Creative Commons / Ken Teegardin

Plus de 550 milliards d’euros en espèces et sur des comptes courants… Plus de 400 milliards d’euros sur les Livrets A et les LDDS… Les Français semblent faire preuve d’une très grande prudence à l’heure actuelle. Il est vrai que les statistiques battent régulièrement des records qu’il s’agisse de l’encours du Livret A ou des dépôts à vue.

Un patrimoine financier en hausse

Pour autant, les Français sont-ils réellement en train de remplir leurs bas de laine au détriment des autres placements financiers ? En valeur absolu, la progression des supports sans risque au cours des dernières années est indéniable. Depuis le début de la décennie, l’encours cumulé du Livret A et du LDDS a bondi de 57%, tandis que les détentions sous forme d’espèces ou via des comptes courants ont enflé de 62%.

Pour mesurer le degré de frilosité des épargnants, il convient toutefois de rapporter ces données à l’ensemble du patrimoine financier des Français. Car dans le même temps, ce patrimoine a lui aussi progressé. De 3.540 milliards d’euros à l’aube des années 2010, il est passé à quelque 5.120 milliards d’euros à la fin de l’année dernière selon la Banque de France.

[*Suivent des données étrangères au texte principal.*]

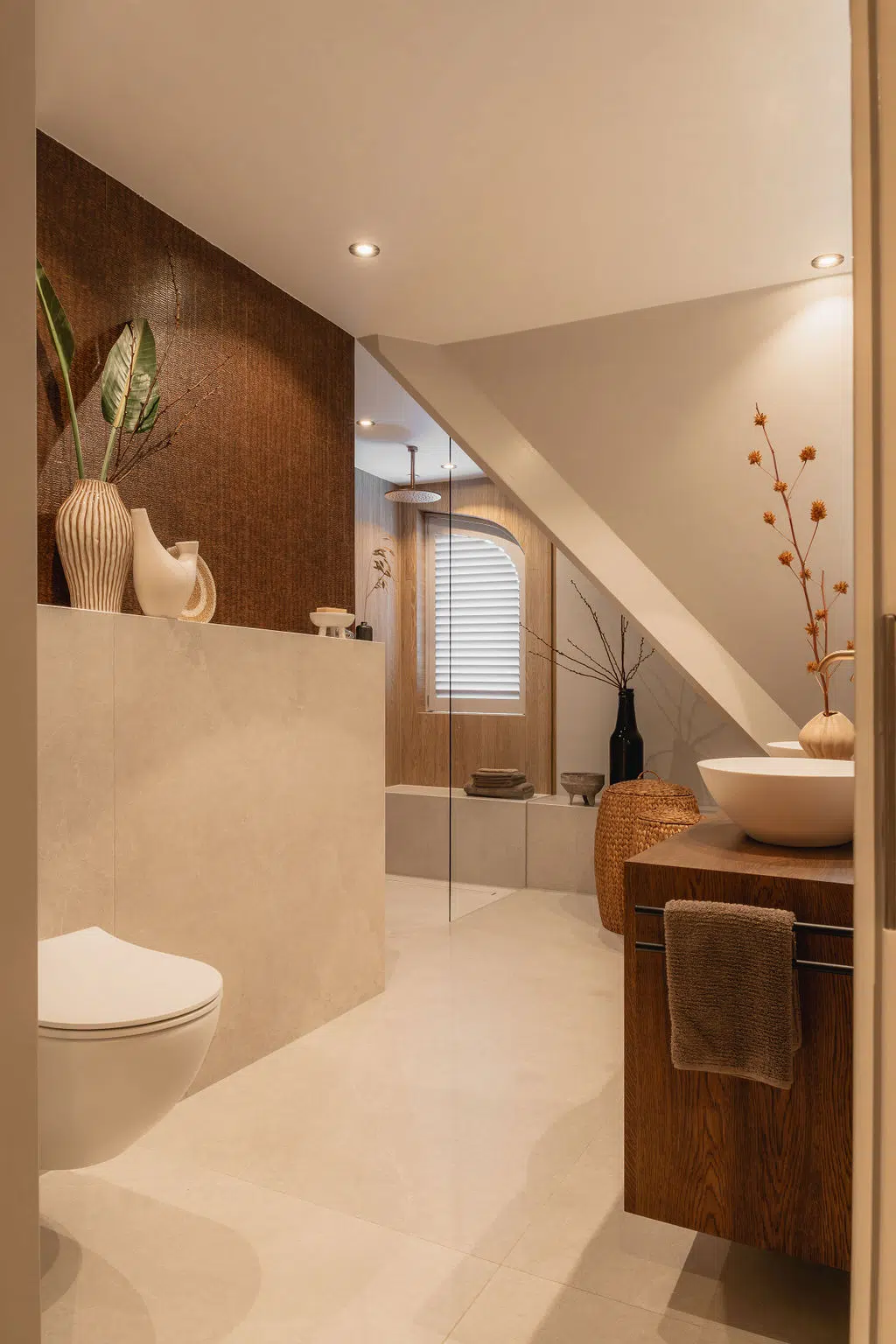Impressie van een Japandi badkamer met schuine wand. We zien een basis van warme badkamer kleuren, een lambrisering met hangend toilet, een nis met unieke ronding erin en behang.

Un peu plus d’espèces et de comptes courants

Aujourd’hui, les dépôts à vue et le numéraire représentent 10,8% des placements financiers des ménages. La proportion est certes un peu plus élevée qu’au début des années 2010 (9,6%) ou qu’à la veille de la dernière crise financière (8,8% en 2007). Une première conclusion amène donc à penser qu’en périodes troubles, les Français tendent à conserver leur épargne sous forme liquide. Le pic de 12,4% atteint par les dépôts à vue et les espèces en 1995 va d’ailleurs dans ce sens.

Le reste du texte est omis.